Book: The Tourist by Olen Steinhauer

The CIA (Company) has a secret rogue branch and those who work there are called Tourists. Milo Weaver was once a Tourist until he burned out and became a more conventional citizen, a man with a wife and daughter. But he continued to work for the CIA, just not as a Tourist. Then there is Homeland Security and inevitable tensions between these agencies. Some in the Company think of America as an Empire, and they manipulate emerging countries as in a chess game, still believing in the ultimate invincibility and supremacy of America. The author lives in Budapest and thus moves with ease through the geography of Europe where much of the action occurs. There are the Chinese and their reliance on oil from Sudan; an assassin who targets people all over the world; Milo's persistence in tracking this man. There is a Russian thread running through the book, along with Milo's murky past. This is a book of spies, counterspies, double agents, and tangled threads of terror, intrigue, espionage, power used and abused, trickery and disillusion. It was a lot like Vince Flynn novels. As always, these novels do make one wonder what exactly our government is doing and/or what they are capable of doing, given certain political ideologies at the highest levels.

Saturday, June 5, 2010

Book: Shopping for Porcupine by Seth Kantner

This book is a Milkweed Editions book. Milkweed is an independent, nonprofit company who publishes books it feels make "a human impact on society, in the belief that good writing can transform the human heart and spirit."
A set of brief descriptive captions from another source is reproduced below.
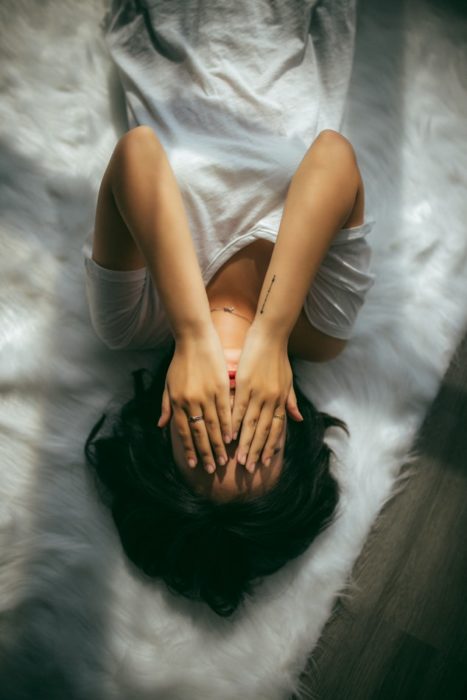 Chica sobre la cama triste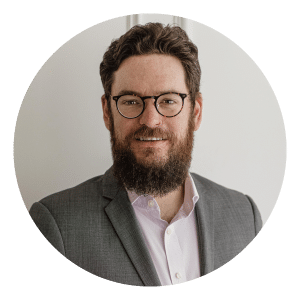 A photograph of Neil Fitzroy, Managing Director - Australasia for Oxford International Education Group - sitting on a sofa infront of a neutral wall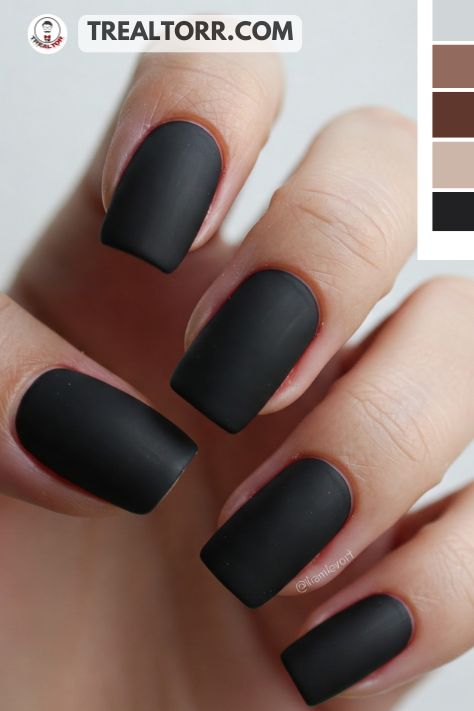 A set of matte black nails with a smooth finish, giving off a sleek, trendy, and edgy vibe.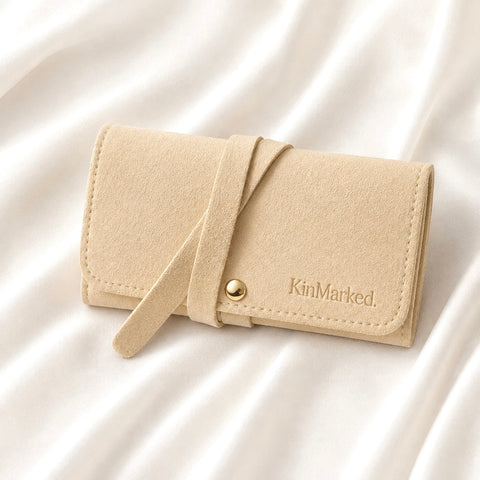 A beige faux-leather jewelry organizer with a strap closure and a gold snap button, featuring the brand name 'KinMarked.' embossed on the front, resting on a white satin fabric background. KinMarked Personalized Jewelry Travel Roll for Jewelry Gifts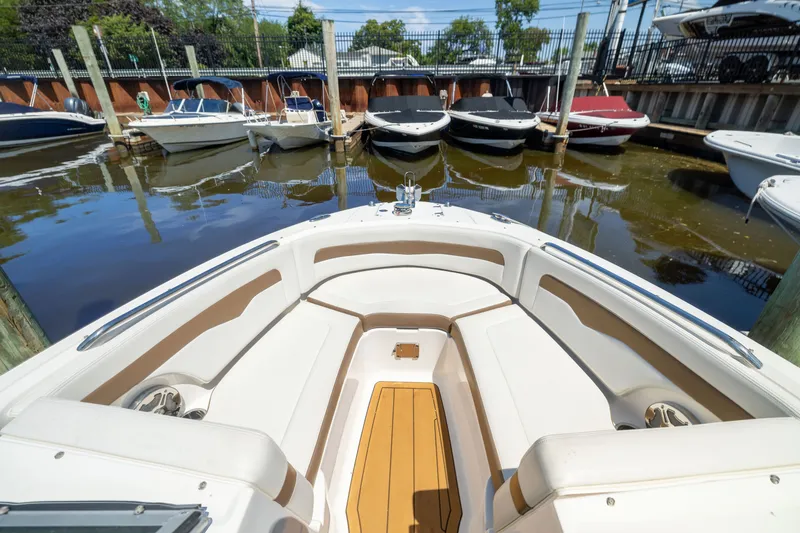Slide: The Image of 2015 Chaparral 246 SSi boat docked, featuring spacious seating and sleek design. - 18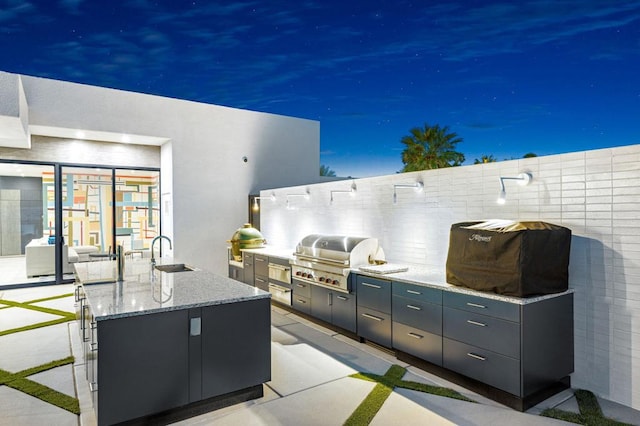 view of patio with sink, an outdoor kitchen, and grilling area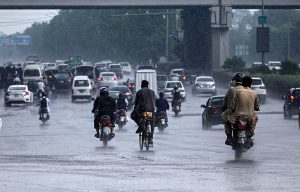 Vehicles move along expressway during rainfall experienced in the Federal Capital.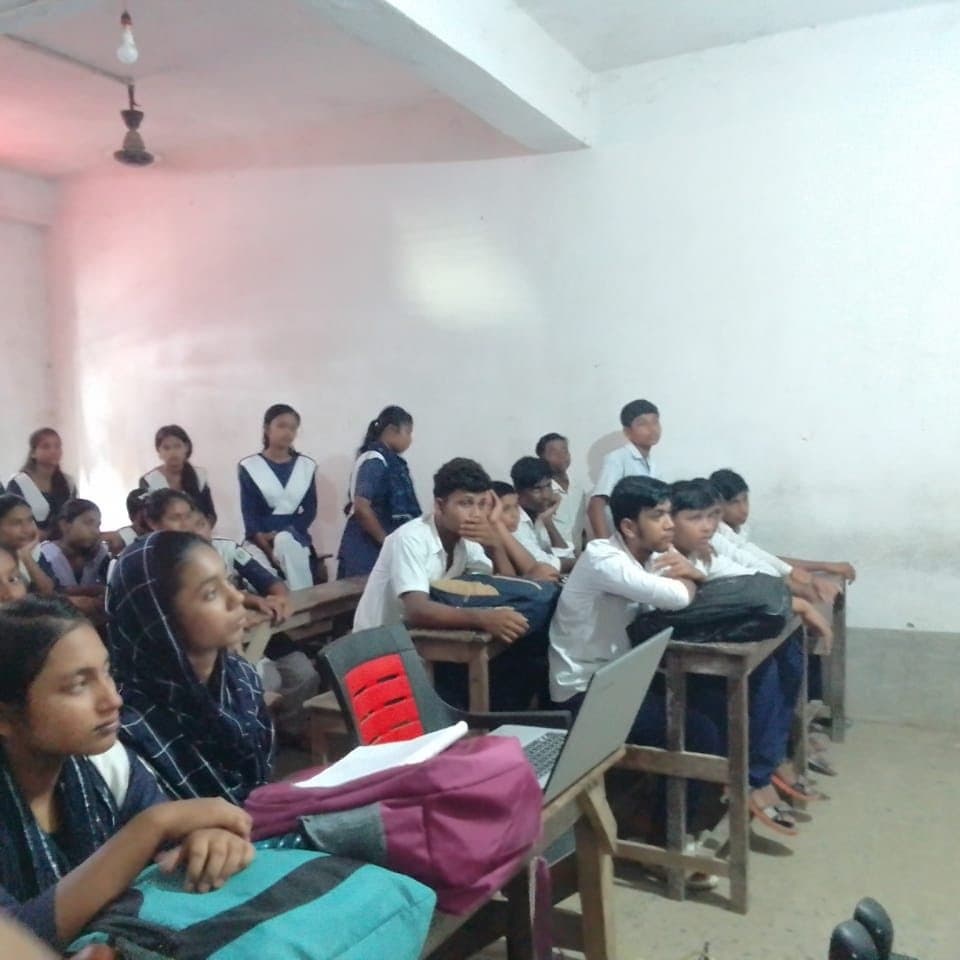 Students at desks in a classroom, one in the foreground listening.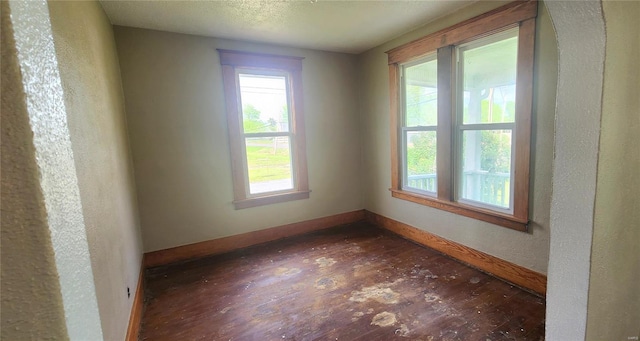 empty room featuring wood-type flooring, a textured wall, and baseboards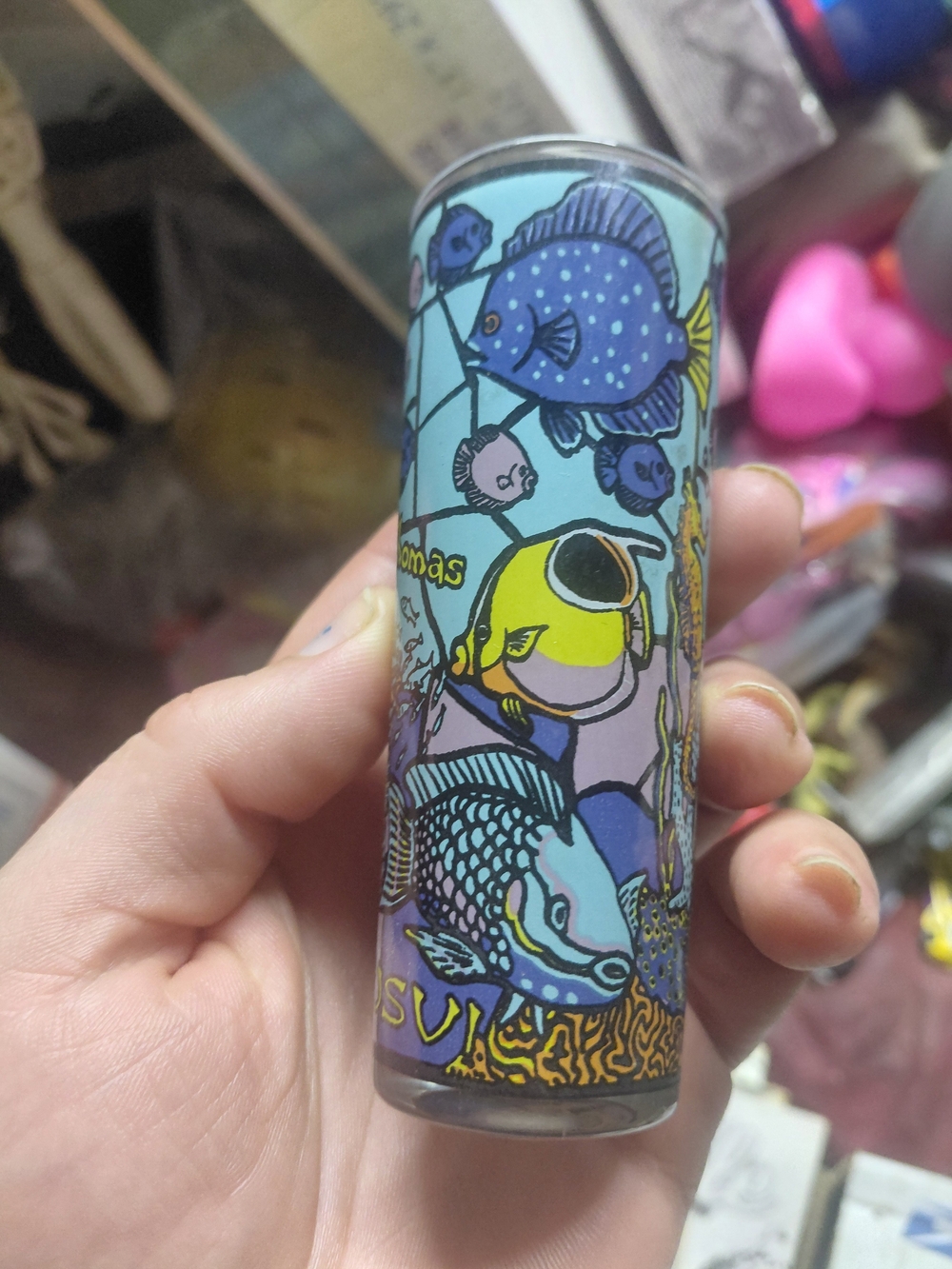tall souvenir shot glass featuring a colorful painted tropical fish 4"x1.5"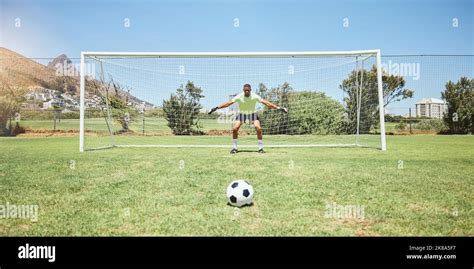 Goalkeeper Soccer Field And Sports Man Ready In Penalty Kick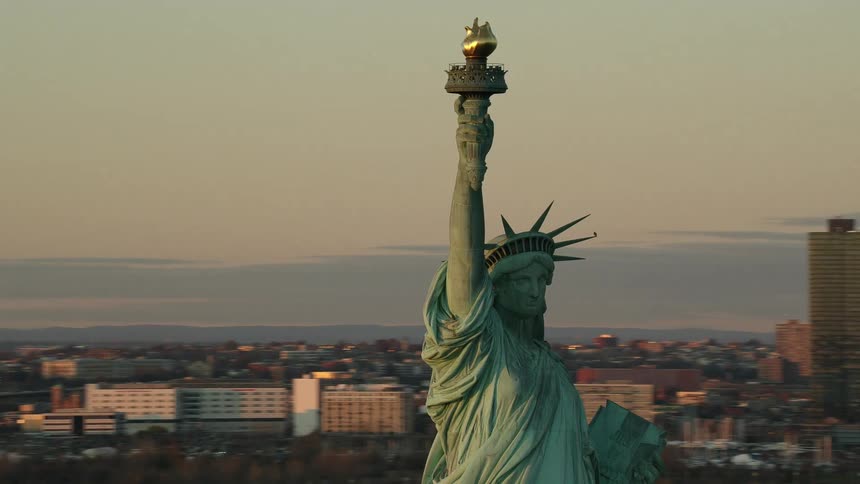 The statue of liberty holds her torch high in the air with tall city buildings in the distance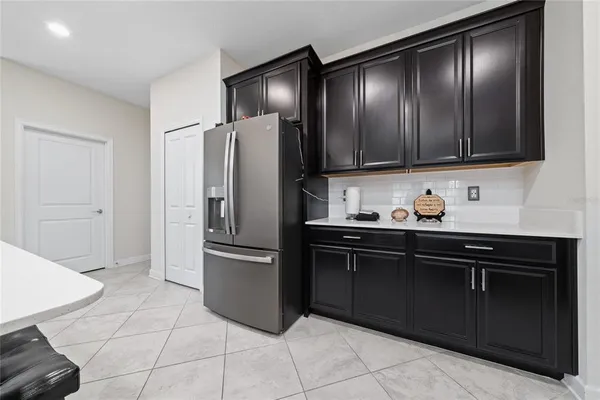 a kitchen with granite countertop stainless steel appliances and cabinets
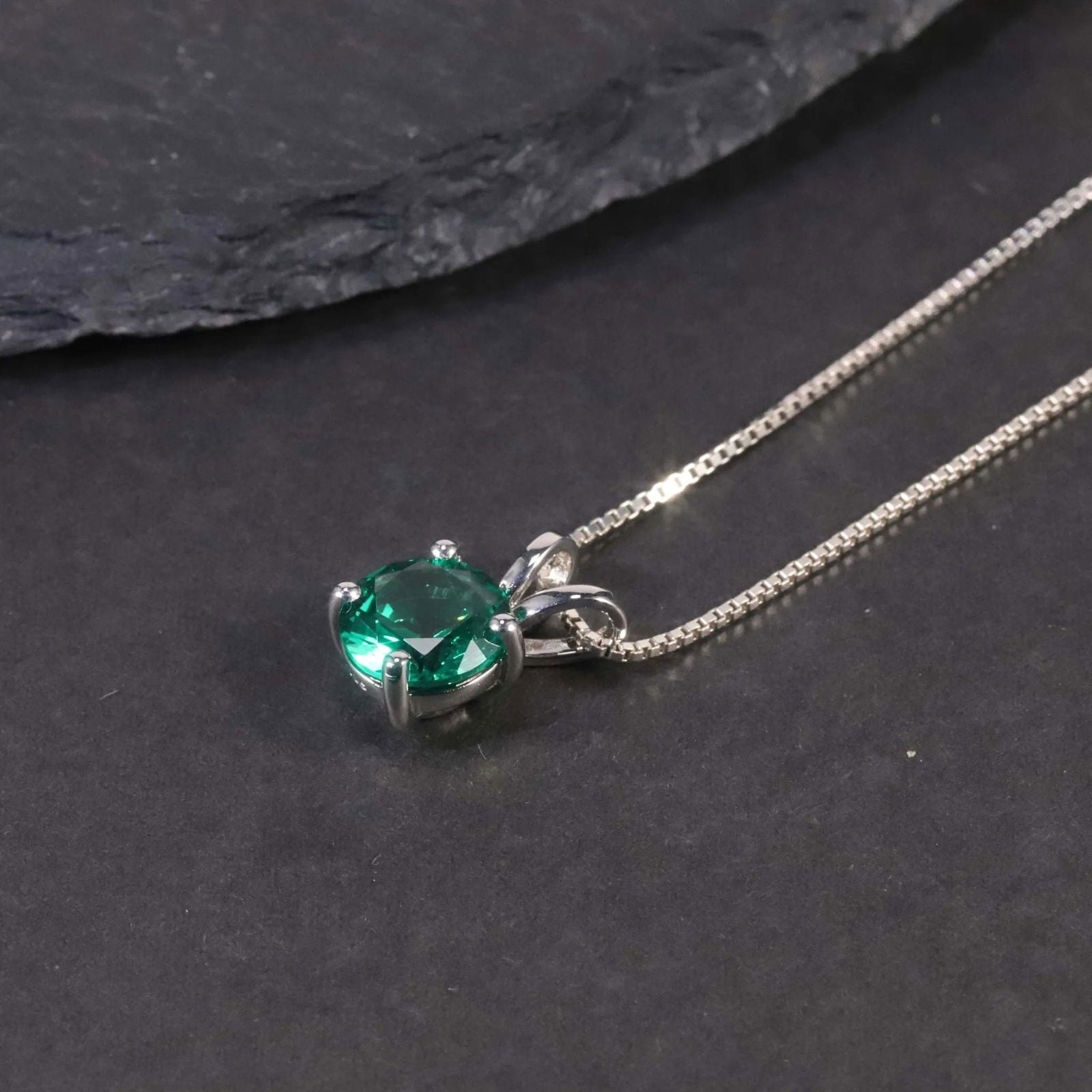 Close-up of the round emerald pendant necklace displayed on a dark surface.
Seth was born and raised and still lives in NW Alaska, north of Nome, north of the Arctic Circle. As he says, his Father "chose the tundra." This book is a paean to the land and, at times, a bittersweet swan song for the Alaska he knew as a child but which is changing because of oil, the snowmobile and climate warming. There are lovely photographs of the natural world and his family and friends in Alaska. He writes of the elders, the tundra and mountains, the rivers and ocean, the caribou, bears, moose, ducks and geese, wolves and salmon, the perils of ice-covered rivers, the cold and the dark, of berries and bugs, and of what subsistence hunting really means. He writes, "Our need for foods and furs from the land has shrunk exponentially as the Gore-Tex and plastic, Pepsi and Banquet chicken have some off the airplanes. But our ability to harvest animals grows with every Ski-Doo and Ruger rifle. In the villages now a new generation has been raised in HUD house, on basketball, satellite TV and Nintendo..."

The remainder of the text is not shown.